Incidentally, a guiding tapered portion may be provided at the front end portion of the connecting tube 13A, whose radial dimension is reduced, as exemplified in the description of the second embodiment.
(Fourth Embodiment)
Next, a fourth embodiment corresponding to a fourth aspect of the invention is described hereinbelow with reference to FIG. 4.
A connecting tube 30 according to the fourth embodiment is shaped so that a diameter reduction portion 33 is continuously provided in front of a press-fitted portion 31, which has a flange 14 that can be press-fitted into a mounting hole 11 bored in the shield wall 10, through the tapered portion 32 tapering off to the front. Meanwhile, the structure of a shielded cable 20 is similar to that of the cable 20 according to the first embodiment.
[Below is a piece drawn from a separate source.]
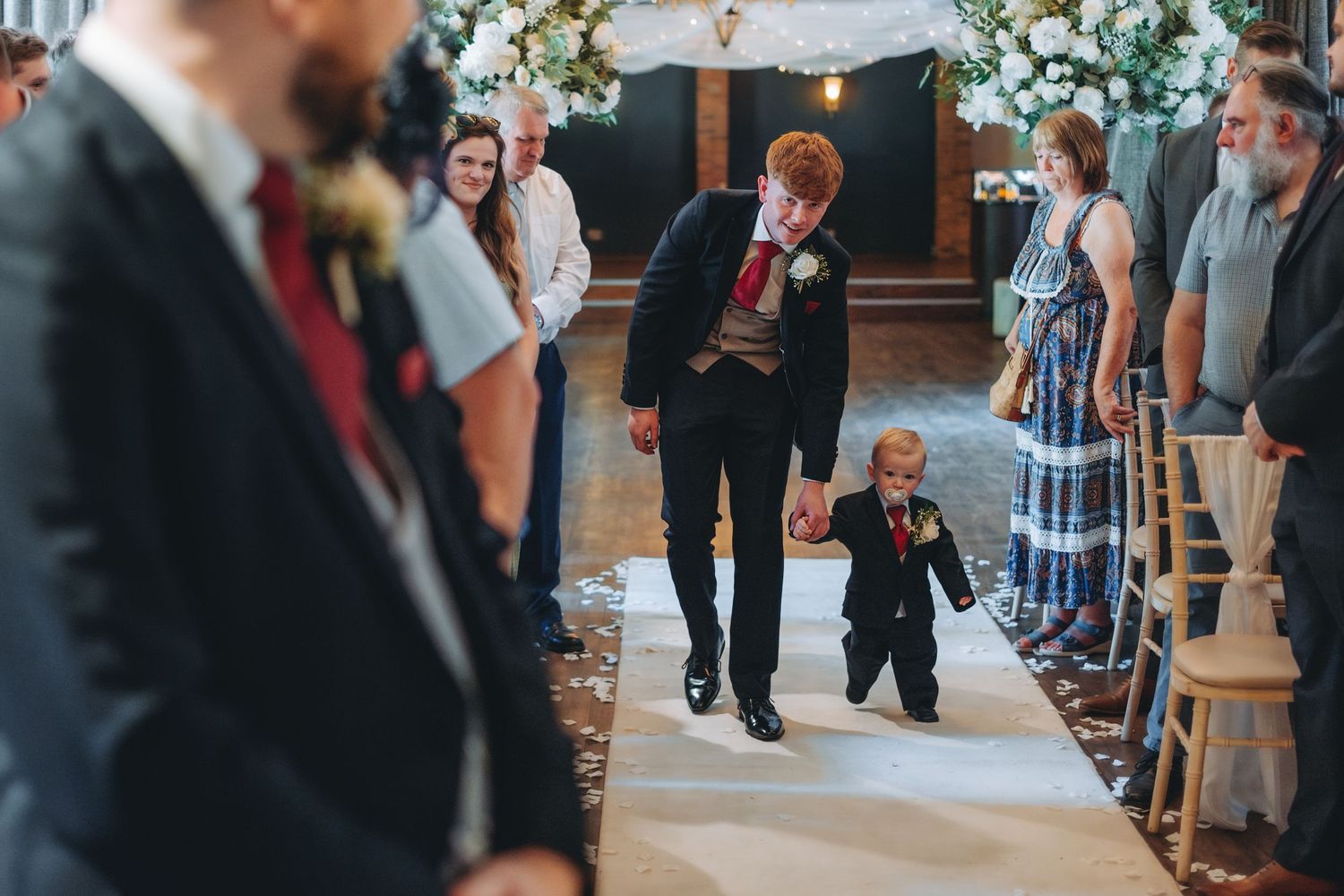 Two people walk down a church aisle at a formal event while guests look on from their seats.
Particularly, the diameter reduction portion 33 of the connecting tube 30 is larger in a length in the direction of the axis thereof than the turned-up shield layer 23 of the shielded cable 20.
When the turned-up shield layer 23 of the shield cable 20 is inserted into the connecting tube 30 during the assembly of the structure, a folded-back portion 23A of the shield layer 23 is placed more backward than the front edge of the diameter reduction portion 33. Further, the turned-up end portion 23B of the shield layer 23 extends beyond the rear end of the diameter reduction portion 33. At that time, insertion of the layer 23 stops. In such a state, the diameter reduction portion 33 of the connecting tube 30 is caulked along its entire length and fixed to the cable 20 while the shield layer 23 is sandwiched between the C-ring 25 and the diameter reduction portion 33.
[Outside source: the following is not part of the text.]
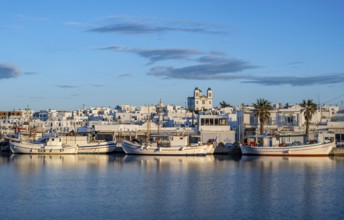 View of Naoussa, Fishing boats in the harbour at sunset, reflected in the sea, White Cycladic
In this embodiment, the front end of the diameter reduction portion 33 of the connecting tube 30 is set to project beyond the folded-back portion 23A of the shield layer 23, thereby preventing the front edge of the diameter reduction portion 33 from cutting the shield layer 23 when the portion 33 is caulked. Moreover, after being caulked, the front end part of the diameter reduction portion 33 covers the periphery of the folded-back portion 23A of the shield layer 23, thereby protecting the folded-back portion 23A from hitting other components.
(Fifth Embodiment)
FIG. 5 shows a fifth embodiment corresponding to a fifth aspect of the invention. The fifth embodiment is a modification of the fourth embodiment. The front end part of a diameter reduction portion 33 of a connecting tube 30A is obliquely and inwardly bent. Moreover, a protective tapered portion 35, whose radial dimension gradually decreases to the front thereof, is formed. The rest of this structure is similar to the corresponding part of the structure according to the fourth embodiment.
In the fifth embodiment, the front part of the folded-back portion 23A is more reliably covered with the protective tapered portion 35.
Incidentally, the protective tapered portion 35 can be utilized as a guide for inserting the connecting tube 30A into the mounting hole 11 formed in the shield wall 10.
(Other Embodiments)
The invention is not limited to the embodiments described in the foregoing description and the accompanying drawings. Various modifications can be made therein without departing from the gist thereof.